はじめに

ヨーロッパのテロイメージが払拭

ヨーロッパに注力する別の背景として、利用者のヨーロッパに対する心理状態の変化もあります。2015年に起きた「パリ同時多発テロ事件」の影響で、一時はヨーロッパへの旅行人数が減少していましたが、現在は元に戻りつつあるといいます。「テロのマイナスイメージが完全に払拭できている」(遠藤事業部長)。

座席供給数の大幅な増加も、理由の1つです。羽田空港で発着枠増枠があり、関西国際空港発着のヨーロッパ路線も拡大。それによる新規就航路線をいかに活用するかがポイントといいます。

「ラグビーワールドカップや来年の東京オリンピックで欧米からの訪日需要が強く、欧米路線が増えている。これはアウトバウンドにとっても、強い追い風になっていく。活用できる座席があるので、取り組みを強化してキャッチアップしていきたい」(同)

2020年度の目標は、売り上げが2019年度とほぼ同額、人員は7%増。「ハワイプライド宣言」と銘打ち、ハワイに関してもグローバル・デスティネーション・キャンペーンの対象だった今年度と同規模のキャンペーンを展開する予定です。

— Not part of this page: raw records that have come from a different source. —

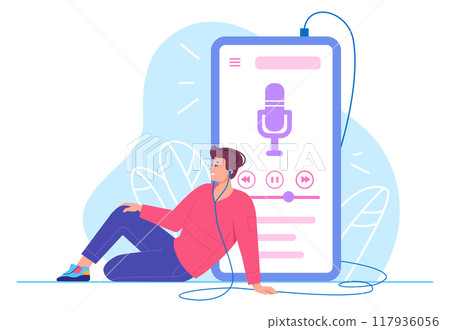 Podcast listening. Music or audio online stream 117936056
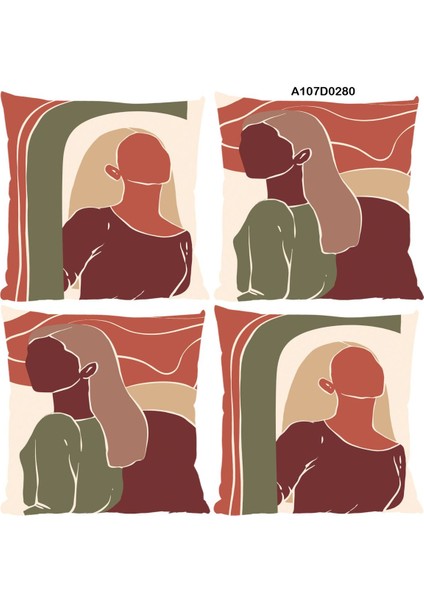 Temalı 4'lı Kırlent Kılıf Seti Çift Tarafı Baskılı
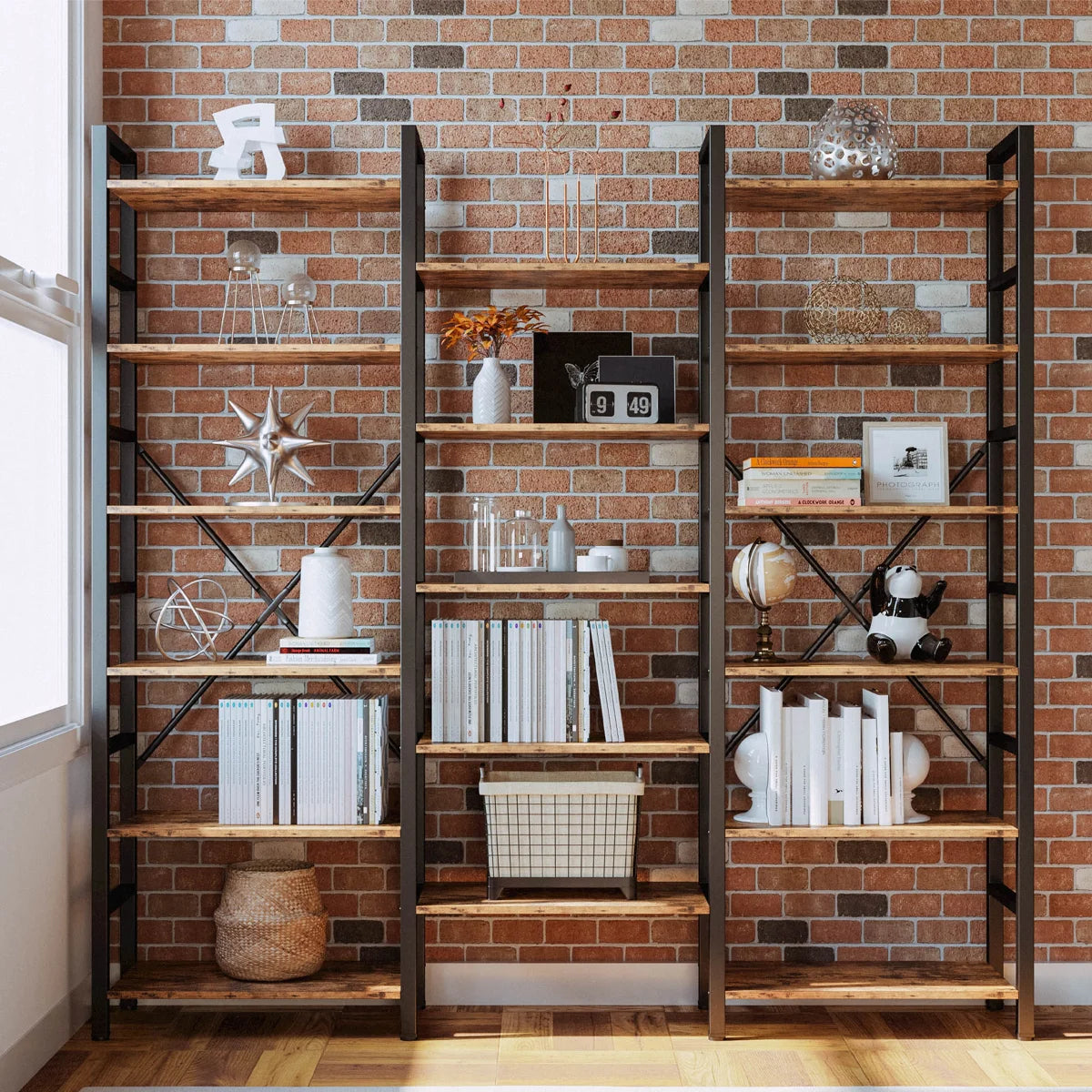 Ziva Industrial Bookshelf Bookcase 17 Shelf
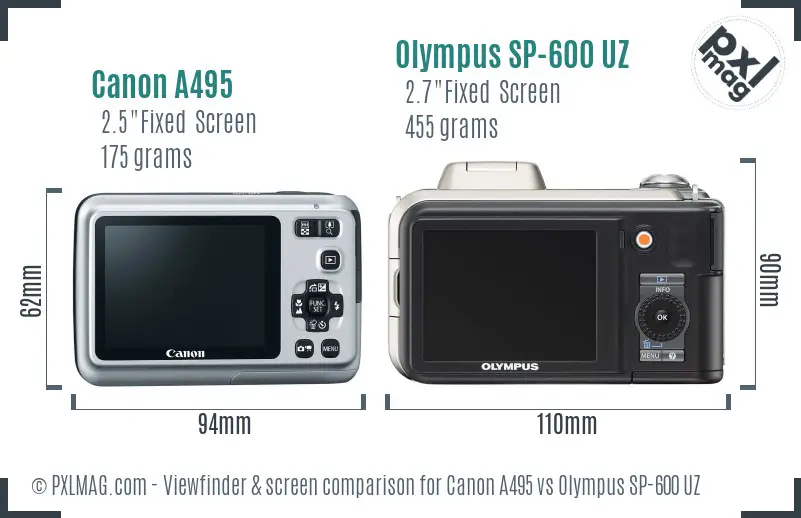 Canon A495 vs Olympus SP-600 UZ Screen and Viewfinder comparison Canon A495 vs Olympus SP-600 UZ Screen and Viewfinder comparison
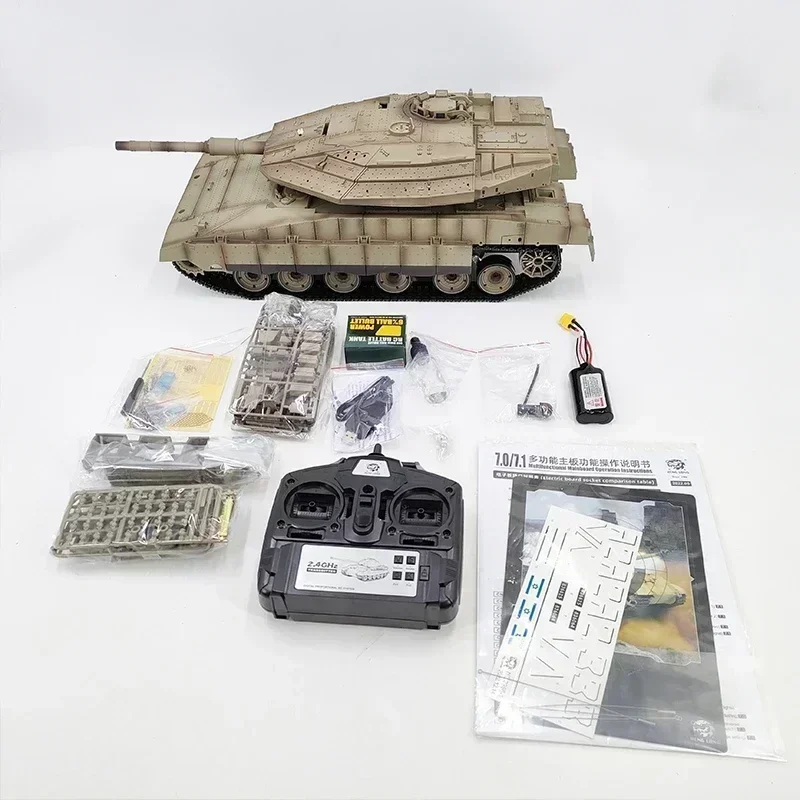 2024 tanque original de controle remoto henglong 3958 israel merkava mk iv modelo de batalha principal 1/16 trilhos de metal fora de estrada rc carro brinquedo infantil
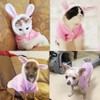 ANIAC Bunny Ears Cat Costume Plush Dog Hoodies with Pocket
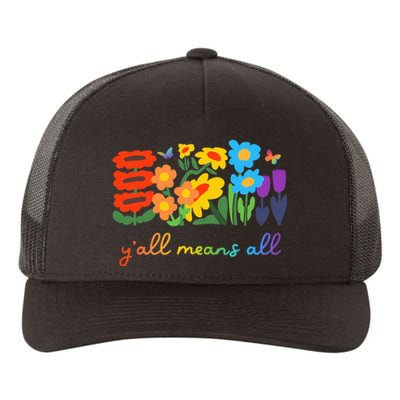 Lgbtq Diversity YAll Pride Means All Flower Yupoong Adult 5-Panel Trucker Hat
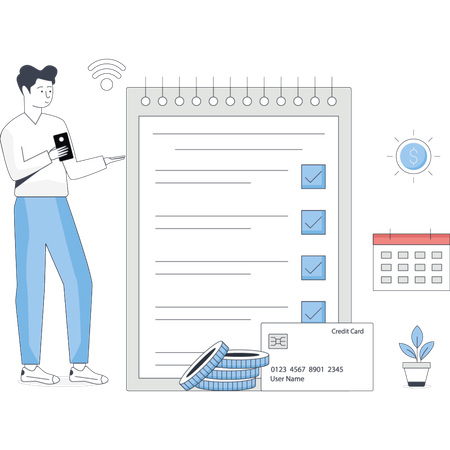 Man doing budget planning  Illustration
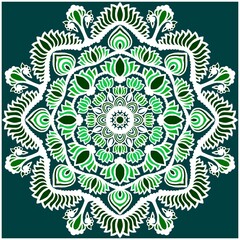 Green and white mandala design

東京オリンピック開催期間中は「海外旅行控え」が懸念されますが、先行発売ではハワイに関して前年実績を大きく上回り、「海外旅行に行く需要が確実にあると実感できた」(同)といいます。

インバウンドとともに盛り上がりを見せてきたアウトバウンド。オンライン旅行会社にはない商品の力で、ユーザーを取り込むことができるでしょうか。